À l’exemple d’Aristote, Alexandre montre[2] que, nier la contingence, c’est rendre incompréhensible la délibération qui, en nous, précède l’accomplissement d’une action. Pourquoi peser les deux partis et les comparer entre eux si celui que nous devons prendre est irrémédiablement fixé par la Destinée ?

« Si tout ce qui advient[3] est une suite de causes prévues d’en haut, déterminées et préexistantes, c’est en vain (μάτην) que les hommes délibèrent au sujet de leurs actions. S’il est vain de délibérer, c’est en vain que l’homme est doué de la faculté de délibérer. Et cependant, rien de ce que produit la nature n’est, par elle, fait en vain ; et c’est la nature qui a fait que l’homme fût un animal capable de délibérer. » Que nous délibérions, donc, avant d’accomplir une action, c’est une preuve manifeste qu’il y a, dans l’avenir, des événements contingents.

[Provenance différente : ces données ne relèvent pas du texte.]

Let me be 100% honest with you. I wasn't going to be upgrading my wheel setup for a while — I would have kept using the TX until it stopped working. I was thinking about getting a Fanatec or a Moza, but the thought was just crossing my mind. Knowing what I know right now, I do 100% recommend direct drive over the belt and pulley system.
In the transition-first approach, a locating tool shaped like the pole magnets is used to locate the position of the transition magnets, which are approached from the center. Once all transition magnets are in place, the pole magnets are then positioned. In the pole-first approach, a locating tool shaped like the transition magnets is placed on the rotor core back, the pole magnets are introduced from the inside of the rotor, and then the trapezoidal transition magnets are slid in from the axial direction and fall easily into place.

« il n’est donc pas vrai, conclut Alexandre[4], que tout ce qui advient, advienne en vertu d’une cause extérieure ; grâce à notre liberté (ἐξουσία), en effet, il y a des choses qui sont en notre pouvoir ; des événements ainsi produits, ce n’est pas quelque cause extérieure, c’est nous qui sommes les maîtres. Partant, ce qui est ainsi produit, n’est pas produit sans cause ; il a sa cause en nous. Car l’homme est principe et cause des actions qu’il accomplit ; être homme, c’est posséder en soi-même le principe d’une telle manière d’agir. — Ὁ γὰρ ἄνθρωπος ἀρχὴ ϰαὶ αἰτία τῶν δι’ αὐτοῦ γινομένων πράξεων, ϰαὶ τοῦτό ἐστι τὸ εἶναι ἀνθρώπῳ τὸ τοῦ πράττειν οὕτως τὴν ἀρχὴν ἔχειν ἐν αὑτῷ. »

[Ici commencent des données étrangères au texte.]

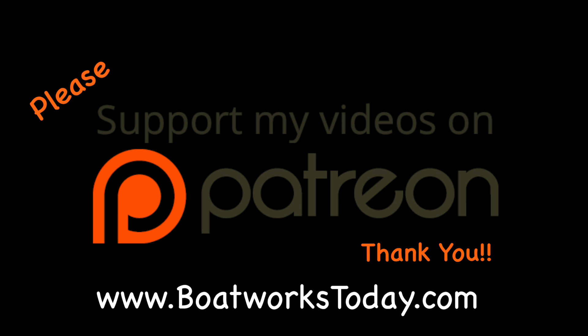Boatworks Today is a viewer-supported show. To learn more on how you can get involved and watch extended ad-free versions of these videos, please visit our website boatworkstoday.com and click on the top of the heading where it says 'support this show.' Thank you.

Celui qui revendique si fermement, pour l’homme, le pouvoir d’agir librement, la faculté d’être, dans le monde, un principe autonome de mouvement, était, en son temps, le plus fidèle disciple d’Aristote ; avec Aristote, il enseignait que tout changement a pour principe un mouvement local, que tout mouvement local sublunaire a pour cause l’éternelle circulation des sphères célestes. Comment cet enseignement se peut-il concilier avec celui que nous venons d’entendre de sa bouche ? Il n’a pas tenté de nous le dire.

Comme Plutarque et comme Alexandre, les Néoplatoniciens chercheront à restreindre l’empire du Destin et à en affranchir,

  1. Alexandri Aphrodisiensis Op. laud., cap. X : éd. cit., p. 176.
  2. Alexandri Aphrodisiensis Op. laud., cap. X-XIV : éd. cit., p. 178-186.
  3. Alexandri Aphrodisiensis Op. laud., cap. X : éd. cit., p. 178.
  4. Alexandri Aphrodisiensis Op. laud., cap. XV : éd. cit., p. 185.